▸ PROBLEM REQUIREMENTS:
The listing is to be transcribed in full, with its images left out.

▸ DATASET EXCERPTS:
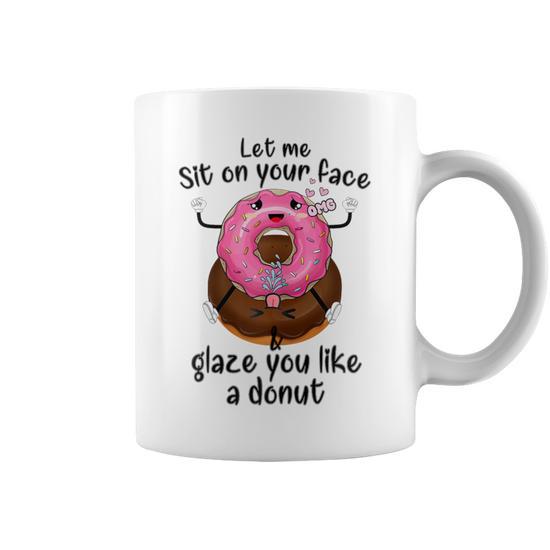 Rude Sit On Your Face Like A Donut Humor Quote Coffee Mug - Thegiftio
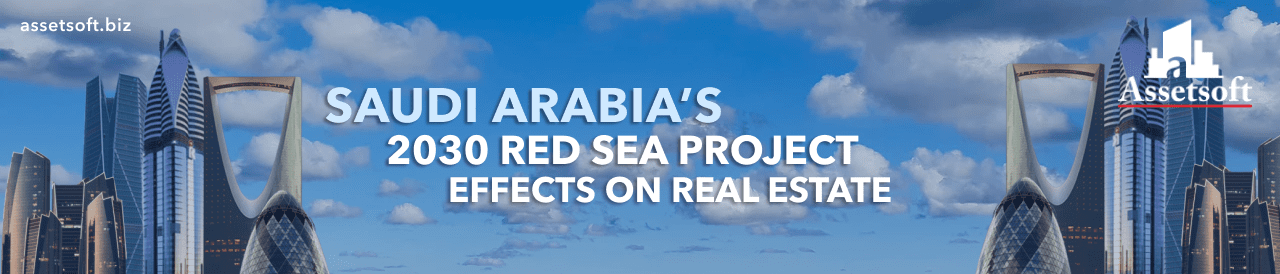 Saudi Arabia's 2030 Red Sea Effect on Real Estate 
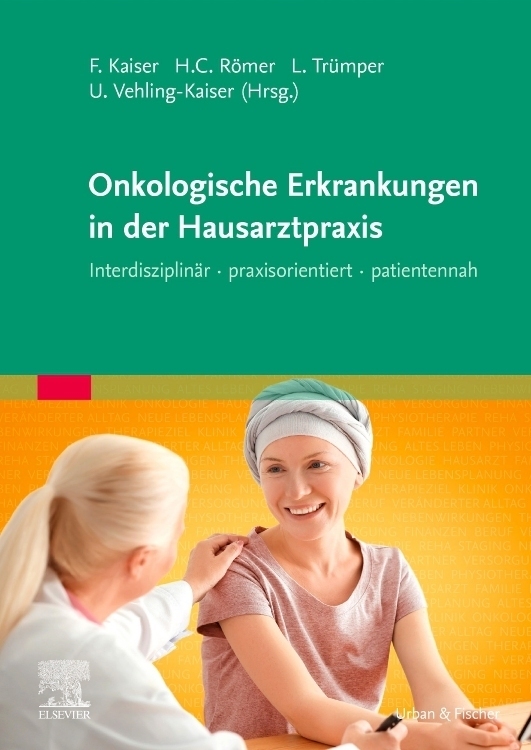 Cover: 9783437212710 | Onkologische Erkrankungen in der Hausarztpraxis | Kaiser (u. a.) | XVI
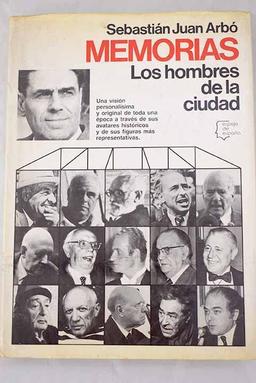 Memorias / Los Hombres de la Ciudad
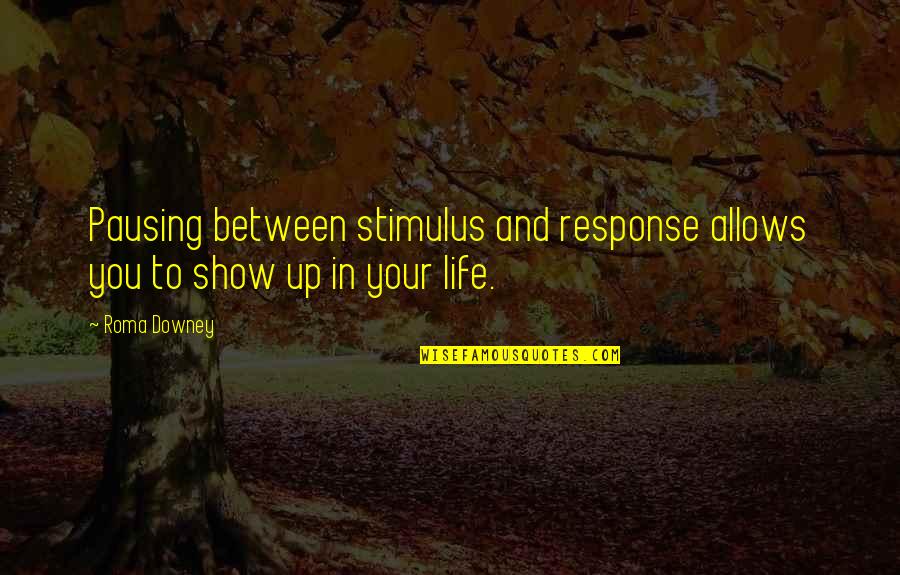 Roma's Quotes By Roma Downey: Pausing between stimulus and response allows you to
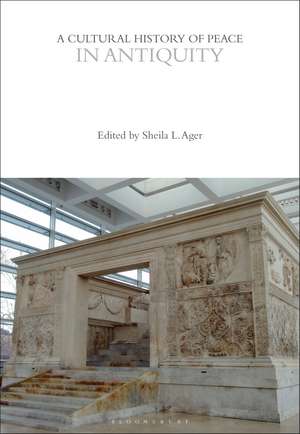 A Cultural History of Peace in Antiquity de Professor Sheila L. Ager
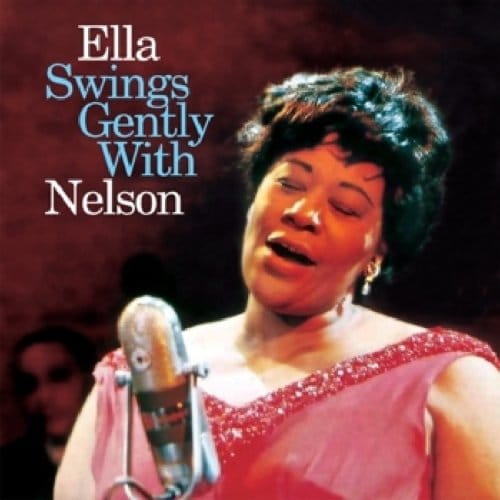 Swings Gently With Nelson - Ella Fitzgerald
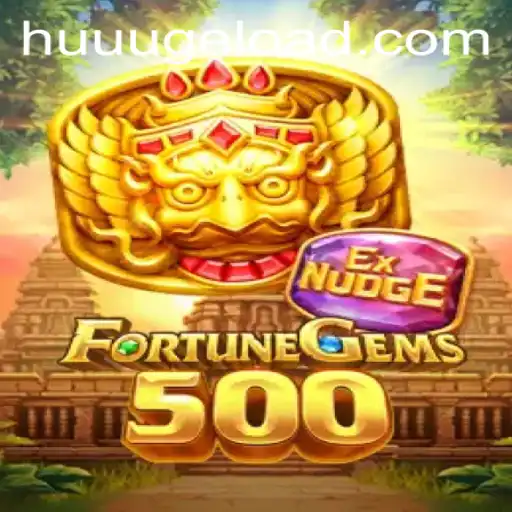 Unveiling FortuneGems500: The HUUUGE Adventure in Gaming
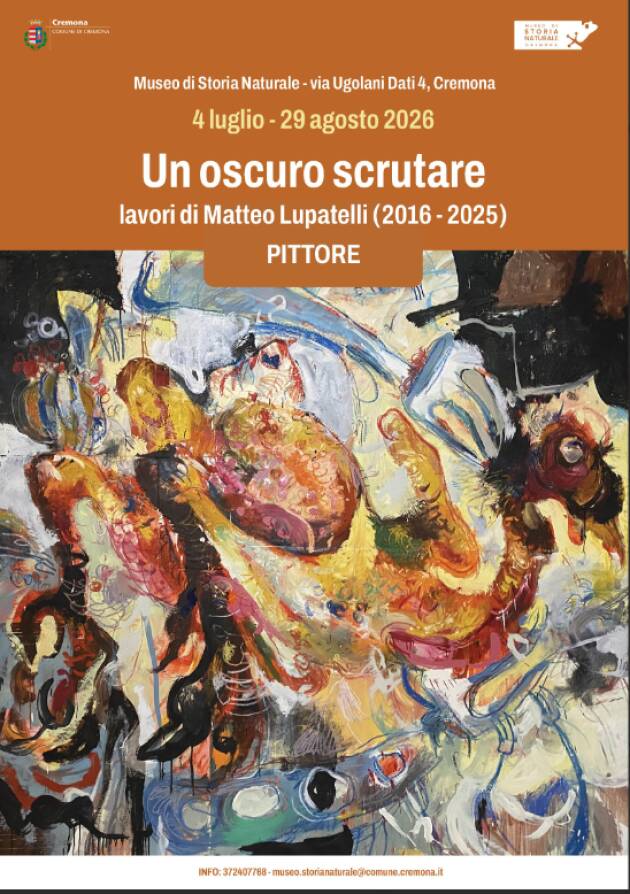 (CR) Un oscuro scrutare: sabato 4 luglio inaugura la mostra del pittore Matteo Lupatelli 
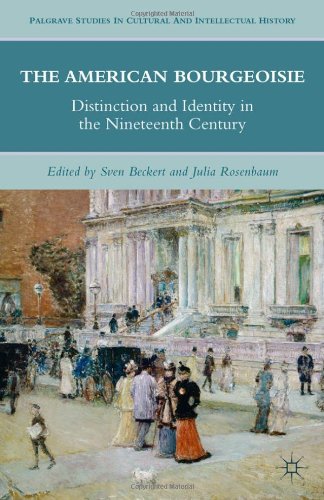 The American Bourgeoisie Distinction And Identity In The Nineteenth Century Palgrave Studies In Cultural And Intellectual History Julia B Rosenbaum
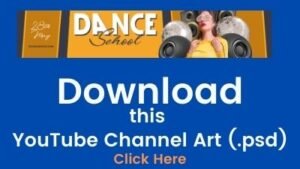 YouTube Channel Art Dance School Design Free Download in PSD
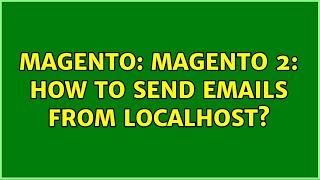 Magento: Magento 2: How to send emails from localhost? (3 Solutions!!)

▸ SOLUTION:
 Rude Sit On Your Face Like A Donut Humor Quote Coffee Mug - Thegiftio
 Saudi Arabia's 2030 Red Sea Effect on Real Estate 
 Cover: 9783437212710 | Onkologische Erkrankungen in der Hausarztpraxis | Kaiser (u. a.) | XVI
 Memorias / Los Hombres de la Ciudad
 Roma's Quotes By Roma Downey: Pausing between stimulus and response allows you to
 A Cultural History of Peace in Antiquity de Professor Sheila L. Ager
 Swings Gently With Nelson - Ella Fitzgerald
 Unveiling FortuneGems500: The HUUUGE Adventure in Gaming
 (CR) Un oscuro scrutare: sabato 4 luglio inaugura la mostra del pittore Matteo Lupatelli 
 The American Bourgeoisie Distinction And Identity In The Nineteenth Century Palgrave Studies In Cultural And Intellectual History Julia B Rosenbaum
 YouTube Channel Art Dance School Design Free Download in PSD
 Magento: Magento 2: How to send emails from localhost? (3 Solutions!!)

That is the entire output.